THE PROBLEM →
In the records below, find the line with "Guess HANSIN FL5HNS" and the line with "Каркас накидки на"; return exactly those lines and every line between them.

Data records
# # # # # # #

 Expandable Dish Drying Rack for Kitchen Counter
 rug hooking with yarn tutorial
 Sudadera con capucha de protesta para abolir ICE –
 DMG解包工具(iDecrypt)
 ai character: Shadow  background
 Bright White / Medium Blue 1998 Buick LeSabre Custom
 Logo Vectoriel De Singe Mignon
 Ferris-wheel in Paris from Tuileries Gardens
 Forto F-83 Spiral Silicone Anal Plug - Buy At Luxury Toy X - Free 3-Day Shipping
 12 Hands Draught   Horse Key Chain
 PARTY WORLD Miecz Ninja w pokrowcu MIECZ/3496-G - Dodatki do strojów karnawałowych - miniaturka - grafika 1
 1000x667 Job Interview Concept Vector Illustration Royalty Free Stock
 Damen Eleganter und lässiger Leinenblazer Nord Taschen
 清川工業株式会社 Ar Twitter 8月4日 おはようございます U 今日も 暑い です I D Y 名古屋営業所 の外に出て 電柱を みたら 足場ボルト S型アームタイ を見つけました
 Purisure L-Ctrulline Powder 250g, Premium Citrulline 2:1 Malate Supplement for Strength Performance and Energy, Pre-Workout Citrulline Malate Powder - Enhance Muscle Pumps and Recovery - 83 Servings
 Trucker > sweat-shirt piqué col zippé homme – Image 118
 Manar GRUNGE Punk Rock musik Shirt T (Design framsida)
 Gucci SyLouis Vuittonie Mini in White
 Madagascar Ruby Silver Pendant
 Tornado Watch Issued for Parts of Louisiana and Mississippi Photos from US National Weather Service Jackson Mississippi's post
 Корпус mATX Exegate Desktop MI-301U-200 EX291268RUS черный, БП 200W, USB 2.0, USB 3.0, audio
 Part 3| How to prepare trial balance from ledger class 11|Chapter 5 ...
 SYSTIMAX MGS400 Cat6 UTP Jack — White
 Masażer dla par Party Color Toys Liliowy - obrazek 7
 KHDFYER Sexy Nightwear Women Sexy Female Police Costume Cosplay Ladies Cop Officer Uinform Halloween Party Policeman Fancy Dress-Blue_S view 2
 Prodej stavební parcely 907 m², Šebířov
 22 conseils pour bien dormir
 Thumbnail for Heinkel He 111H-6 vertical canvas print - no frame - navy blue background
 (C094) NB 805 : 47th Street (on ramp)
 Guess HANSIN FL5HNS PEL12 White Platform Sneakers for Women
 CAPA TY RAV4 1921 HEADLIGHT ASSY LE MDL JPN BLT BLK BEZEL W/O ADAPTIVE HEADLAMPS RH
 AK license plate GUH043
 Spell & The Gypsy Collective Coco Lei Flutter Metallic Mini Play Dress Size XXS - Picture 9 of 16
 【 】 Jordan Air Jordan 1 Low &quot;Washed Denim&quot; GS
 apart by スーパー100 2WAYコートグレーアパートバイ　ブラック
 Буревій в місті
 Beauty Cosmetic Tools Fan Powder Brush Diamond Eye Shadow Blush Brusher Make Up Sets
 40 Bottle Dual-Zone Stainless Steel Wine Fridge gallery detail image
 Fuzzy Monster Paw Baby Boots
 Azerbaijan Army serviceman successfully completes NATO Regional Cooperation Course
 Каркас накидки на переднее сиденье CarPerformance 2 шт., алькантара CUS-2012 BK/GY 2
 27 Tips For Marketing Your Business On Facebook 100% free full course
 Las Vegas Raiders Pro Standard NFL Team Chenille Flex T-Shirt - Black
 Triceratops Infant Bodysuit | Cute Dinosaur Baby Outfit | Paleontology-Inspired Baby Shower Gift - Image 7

# # # # # # #

ANSWER BELOW →
 Guess HANSIN FL5HNS PEL12 White Platform Sneakers for Women
 CAPA TY RAV4 1921 HEADLIGHT ASSY LE MDL JPN BLT BLK BEZEL W/O ADAPTIVE HEADLAMPS RH
 AK license plate GUH043
 Spell & The Gypsy Collective Coco Lei Flutter Metallic Mini Play Dress Size XXS - Picture 9 of 16
 【 】 Jordan Air Jordan 1 Low &quot;Washed Denim&quot; GS
 apart by スーパー100 2WAYコートグレーアパートバイ　ブラック
 Буревій в місті
 Beauty Cosmetic Tools Fan Powder Brush Diamond Eye Shadow Blush Brusher Make Up Sets
 40 Bottle Dual-Zone Stainless Steel Wine Fridge gallery detail image
 Fuzzy Monster Paw Baby Boots
 Azerbaijan Army serviceman successfully completes NATO Regional Cooperation Course
 Каркас накидки на переднее сиденье CarPerformance 2 шт., алькантара CUS-2012 BK/GY 2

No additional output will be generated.